=== Supplied records ===
= = = = =
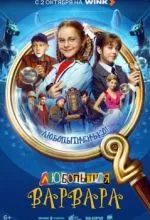 Любопытная Варвара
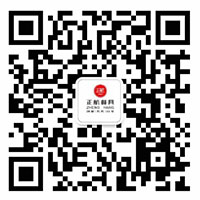 硬汉视频黄色版餐具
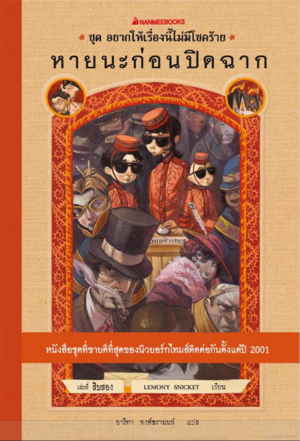 หายนะก่อนปิดฉาก by Lemony Snicket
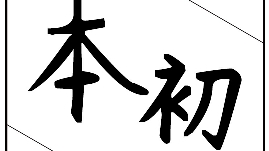 《本初》第四期---命运左右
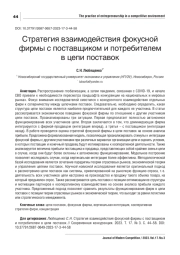 СТРАТЕГИЯ ВЗАИМОДЕЙСТВИЯ ФОКУСНОЙ ФИРМЫ С ПОСТАВЩИКОМ И ПОТРЕБИТЕЛЕМ В ЦЕПИ ПОСТАВОК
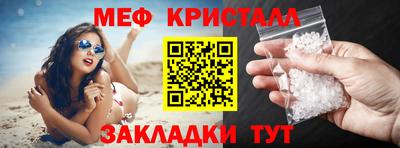 экстази Кумертау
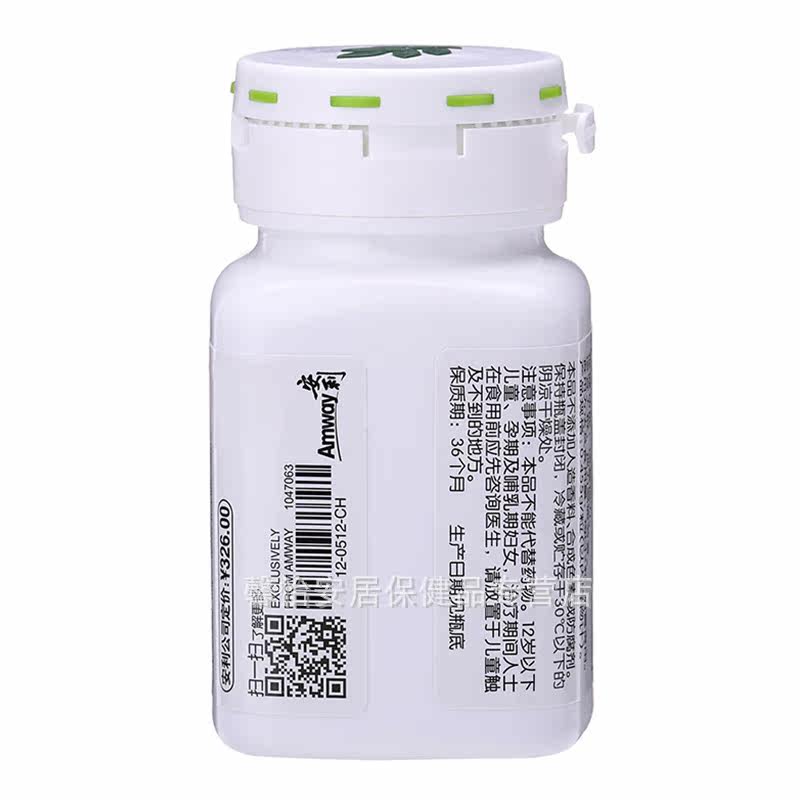 安利益视国产安利纽崔莱越橘胶囊 馨怡安居保健品其他膳食营养补充剂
= = = = =
=== What needs to be done ===
Transcribe each line above verbatim, with the pictures left out.

=== The completed task ===
 Любопытная Варвара
 硬汉视频黄色版餐具
 หายนะก่อนปิดฉาก by Lemony Snicket
 《本初》第四期---命运左右
 СТРАТЕГИЯ ВЗАИМОДЕЙСТВИЯ ФОКУСНОЙ ФИРМЫ С ПОСТАВЩИКОМ И ПОТРЕБИТЕЛЕМ В ЦЕПИ ПОСТАВОК
 экстази Кумертау
 安利益视国产安利纽崔莱越橘胶囊 馨怡安居保健品其他膳食营养补充剂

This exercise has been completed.